- PROBLEM REQUIREMENTS
In the entries below, repeat only the lines between those holding "Sabine und Nils" and "Gebraucht Audi A3", inclusive. Leave pictures out.

- RECORDS
·····
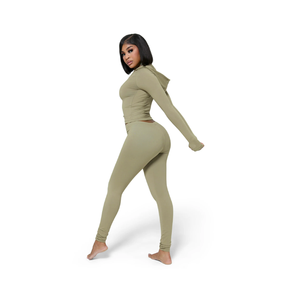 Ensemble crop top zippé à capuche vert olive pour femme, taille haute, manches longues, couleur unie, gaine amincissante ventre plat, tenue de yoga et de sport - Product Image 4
·····
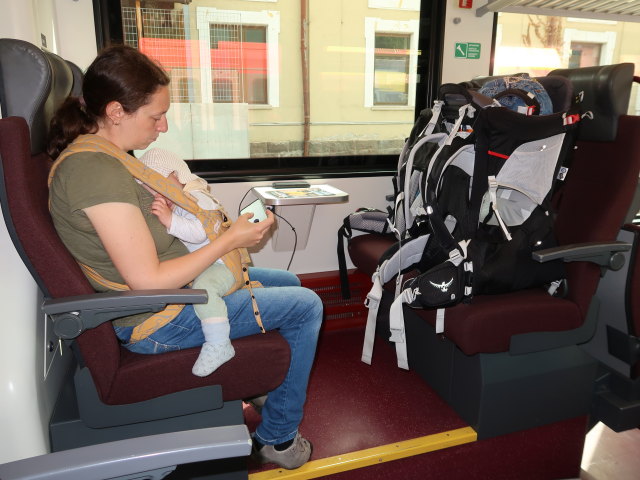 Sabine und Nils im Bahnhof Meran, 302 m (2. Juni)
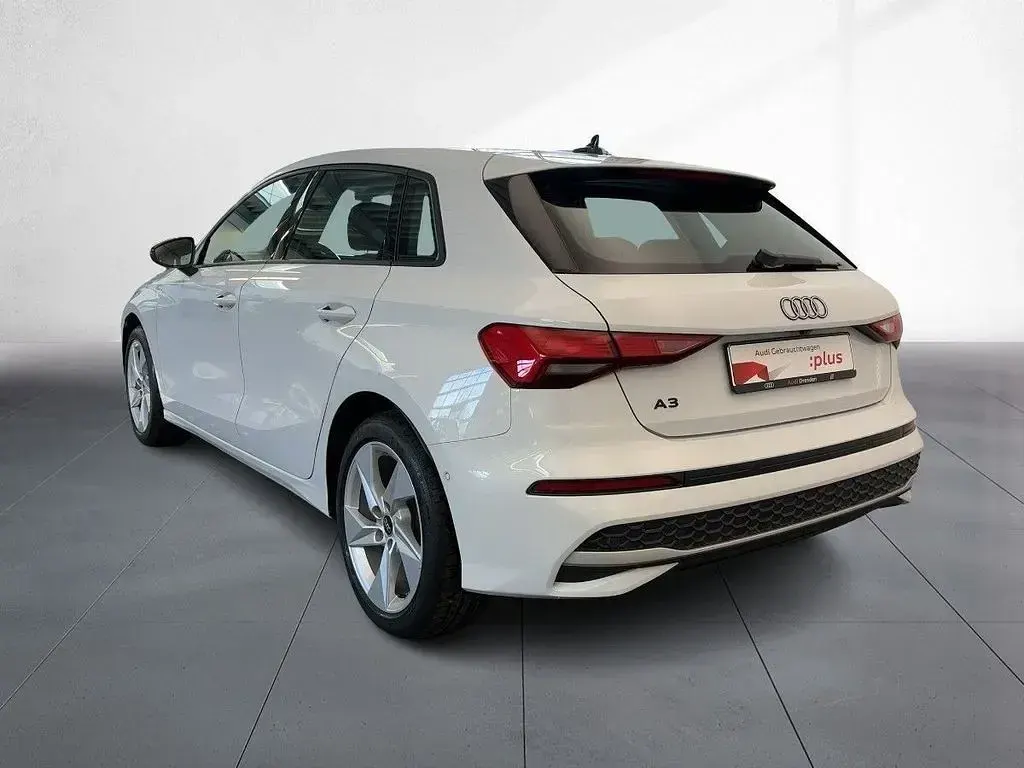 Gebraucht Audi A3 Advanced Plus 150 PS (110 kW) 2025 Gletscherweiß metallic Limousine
·····
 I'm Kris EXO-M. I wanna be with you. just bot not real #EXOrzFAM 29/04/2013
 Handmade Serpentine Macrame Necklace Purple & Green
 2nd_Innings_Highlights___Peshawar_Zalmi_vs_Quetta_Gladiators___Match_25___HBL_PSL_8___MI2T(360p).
·····
- EXERCISE RESULT
 Sabine und Nils im Bahnhof Meran, 302 m (2. Juni)
 Gebraucht Audi A3 Advanced Plus 150 PS (110 kW) 2025 Gletscherweiß metallic Limousine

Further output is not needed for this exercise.